▶ [WHAT IS BEING ASKED]: In your copy, reproduce each entry exactly and include no picture.

Stored records:
***

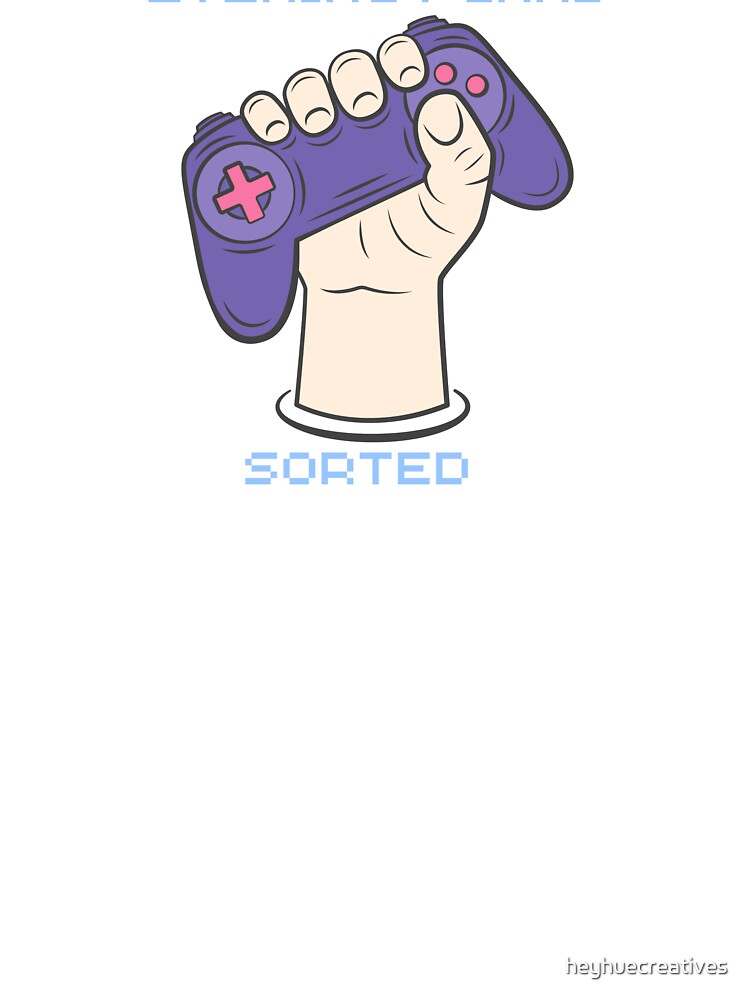 Evening Plans Sorted Funny Video Gaming Design by heyhuecreatives
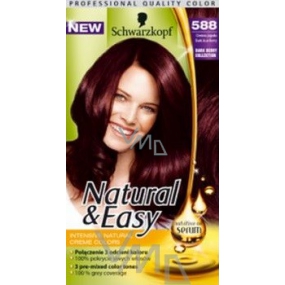 Schwarzkopf Natural & Easy Hair Color 588 Dark Acai Berry - VMD parfumerie  - drogerie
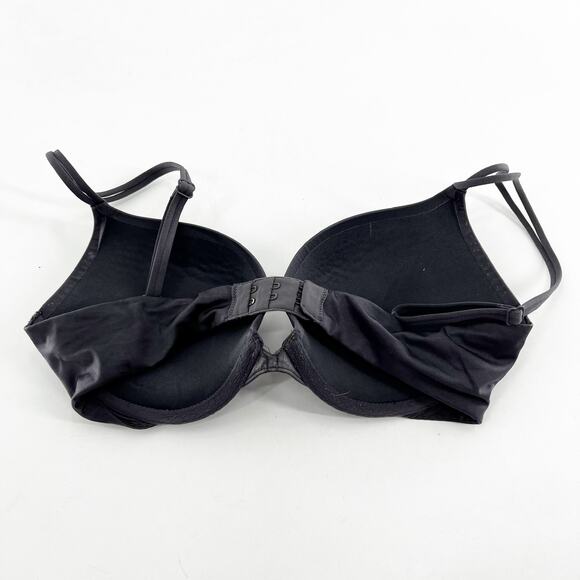 Victoria's Secret Women's Dark Gray Racerback Mesh Very Sexy Push Up Bra 32D - Picture 2 of 3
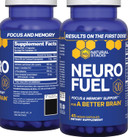 Natural Stacks Neurofuel Nootropic & Serotonin Brain Food Bundle - Promotes A Positive Mood & Focus - 105 Capsules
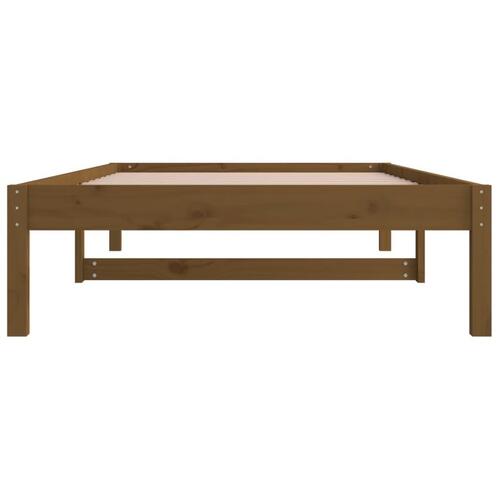 Daybed 90x200 cm massivt fyrretræ gyldenbrun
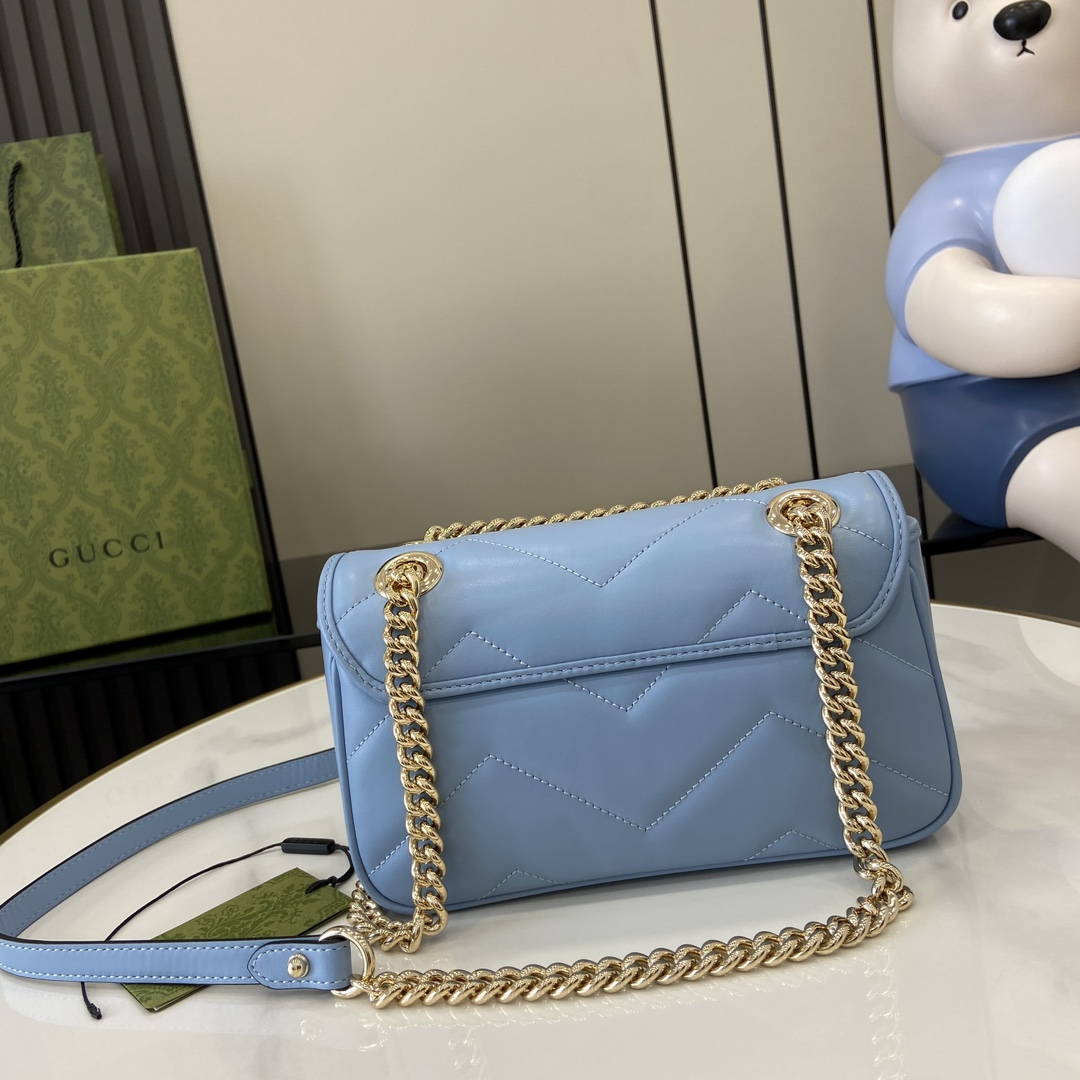 Gucci GG Marmont Mini Shoulder Bag - PerfectKickZ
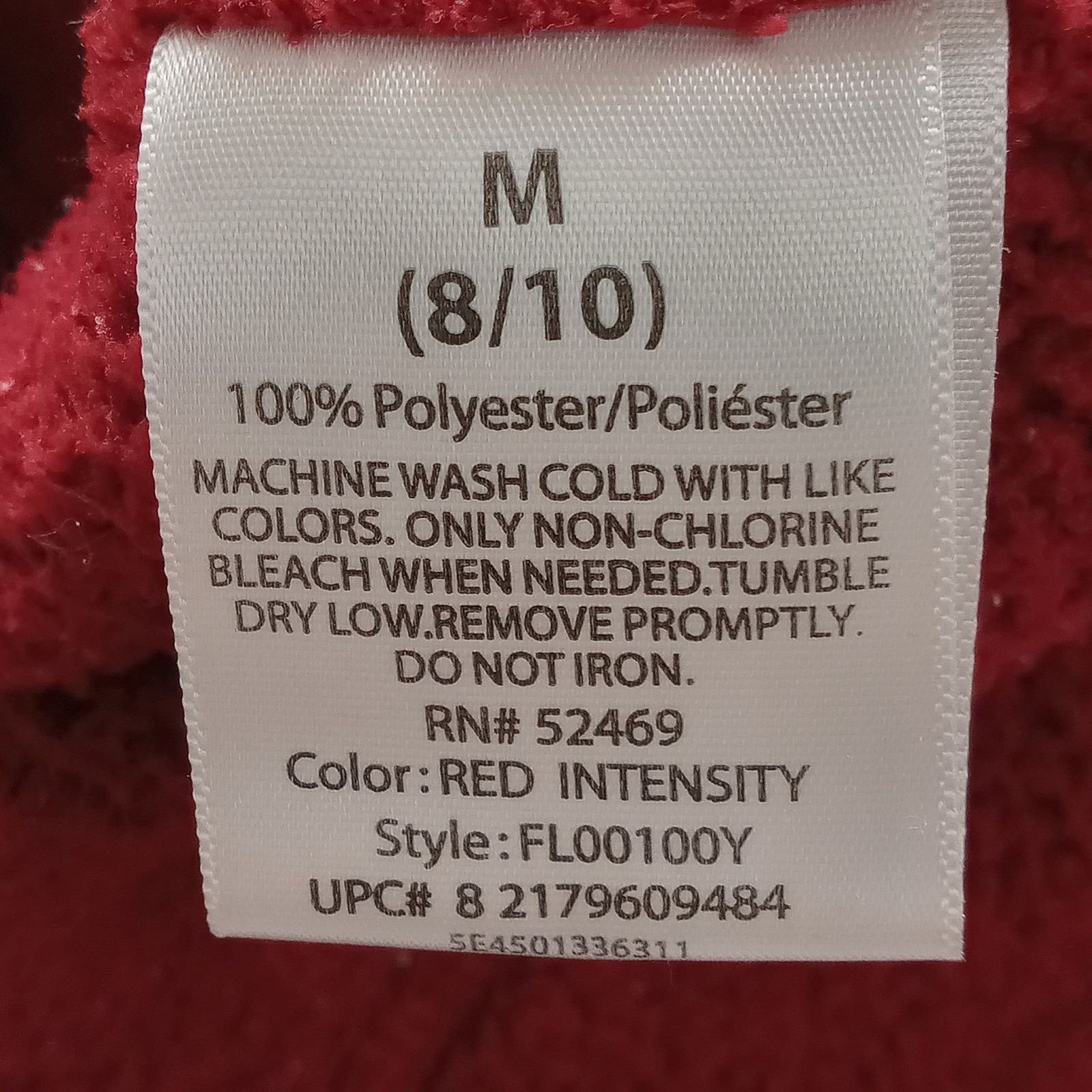 Faded Glory Faded Glory Jacket M Women's Fleece Long Sleeve Red Size M / US 6-8 / IT 42-44 - 6 Thumbnail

***

▶ [RESPONSE BOX]:
 Evening Plans Sorted Funny Video Gaming Design by heyhuecreatives
 Schwarzkopf Natural & Easy Hair Color 588 Dark Acai Berry - VMD parfumerie  - drogerie
 Victoria's Secret Women's Dark Gray Racerback Mesh Very Sexy Push Up Bra 32D - Picture 2 of 3
 Natural Stacks Neurofuel Nootropic & Serotonin Brain Food Bundle - Promotes A Positive Mood & Focus - 105 Capsules
 Daybed 90x200 cm massivt fyrretræ gyldenbrun
 Gucci GG Marmont Mini Shoulder Bag - PerfectKickZ
 Faded Glory Faded Glory Jacket M Women's Fleece Long Sleeve Red Size M / US 6-8 / IT 42-44 - 6 Thumbnail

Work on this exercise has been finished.